Why the 100Mbit Bandwidth Requirement?

Last year, we published the “Elixxir BetaNet Nodes Guide” which stated nodes would require a “500 Megabit+” internet connection, but really leaning towards 1Gbit. Back when we published those specifications, there was concern because those numbers are not achievable for many, so the team worked to find a solution .

The previous requirement was a result of how nodes communicate so the Elixxir developers found a better way. Node to node comms were previously written to use unary communications rather than streaming communications. Now nodes communicate via streaming comms, greatly reducing the bandwidth requirements. We realize some people are still not able to meet these requirements but a reduction from 1Gbit to 500Mbit+ to 100Mbit allows for many more people to participate.

Ben recently published the revised node requirements. Today I’d like you to see how and why we require 100Mbit internet connection.

First the how. In the NodeLab I used a team of 5 nodes to complete 11 rounds. A round consists of the precomutation and the real time phases to deliver 10,000 messages, with the precomputation taking the bulk of the time. Each set of 11 rounds was conducted using 1Gbit, 500Mbit, 250Mbit, 100Mbit, 50Mbit and 10Mbit network speeds. The network in the NodeLab is 1Gbit LAN so I used Linux Traffic Control and Hierarchical Token Bucket to limit the bandwidth of the ports which the nodes communicate over.

The results can be seen in the following graph.


Now for the why 100Mbits.

Like most mix networks, the Elixxir protocol operates sequentially. A batch of messages must be processed by each node in a team order. By moving to streaming comms, a node can start on a batch before the entirety has been received. This means that as long as the transmission of data from one node to the other is faster than the cryptography, the time it takes to transfer the data does not factor at all into how long the round takes.

From our testing we discovered that for a 10k batch with 4096 bit messages, that limit is roughly 100 megabits.

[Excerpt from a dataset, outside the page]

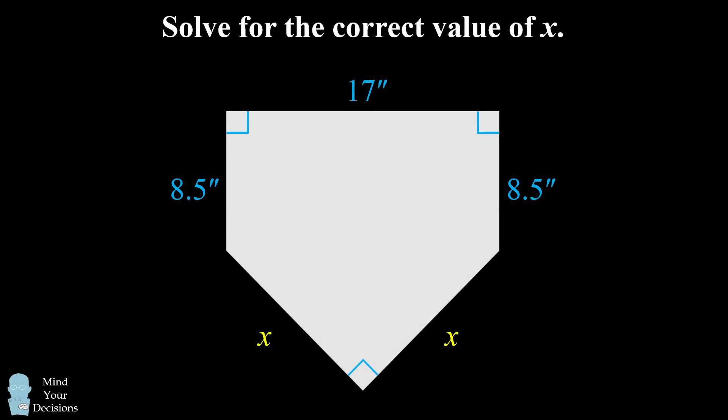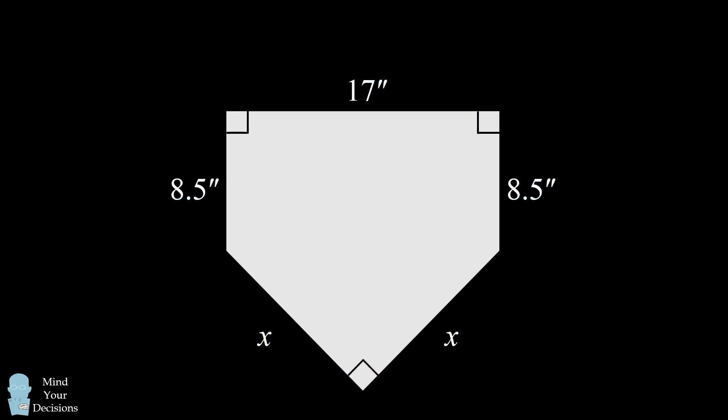So how can we solve for the correct value of X? We'll divide the shape into two different shapes. We'll draw a line connecting the two sides of eight and a half inches. This creates an upper rectangle and a lower isosceles right triangle.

xx network was able to solve the problem of slow secure messaging by not doing everything in real time and by moving most of the cryptographic work to precomputation. Unfortunately there is nothing we can do about how quickly it actually takes to send data across the internet.

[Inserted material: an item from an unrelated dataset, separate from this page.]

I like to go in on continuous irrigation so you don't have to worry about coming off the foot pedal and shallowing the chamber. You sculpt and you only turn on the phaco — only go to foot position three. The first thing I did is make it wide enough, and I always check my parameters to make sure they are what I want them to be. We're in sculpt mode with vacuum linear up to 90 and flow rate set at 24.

I hope this helps everyone understand how we came to the decision and why we have the requirements we do.

10 Likes

Thanks so much for keeping us updated! I just wanted to throw my two cents in that, at some point, we do hit a point where it’s OK to leave some would-be node operators behind due to slow internet or other hardware considerations. I think I’m not alone in saying that while we operators genuinely want to include as many participants as possible, we also trust the team to define minimum specifications that incentivize a strong, performant network. I could see some folks getting heated about the topic, so I figured I’d throw out there that “we in the silent majority” understand the balance you’re looking to strike and respect how you’re going about it.

4 Likes

Thanks for the nice explanation and statistics !

Can you tell me what the maximum total data transfer requirements are per month for the BetaNet? Total data transfer (tiers) is a common colocation pricing method. Colocation pricing structure for internet connectivity varies but I’m guessing that total data transfer is the most appropriate for xx network nodes (i.e. vs “95% burstable”).
Thanks!

p.s. Really looking forward to what you come up with for the 1U server. Let me know if I can be of assistance.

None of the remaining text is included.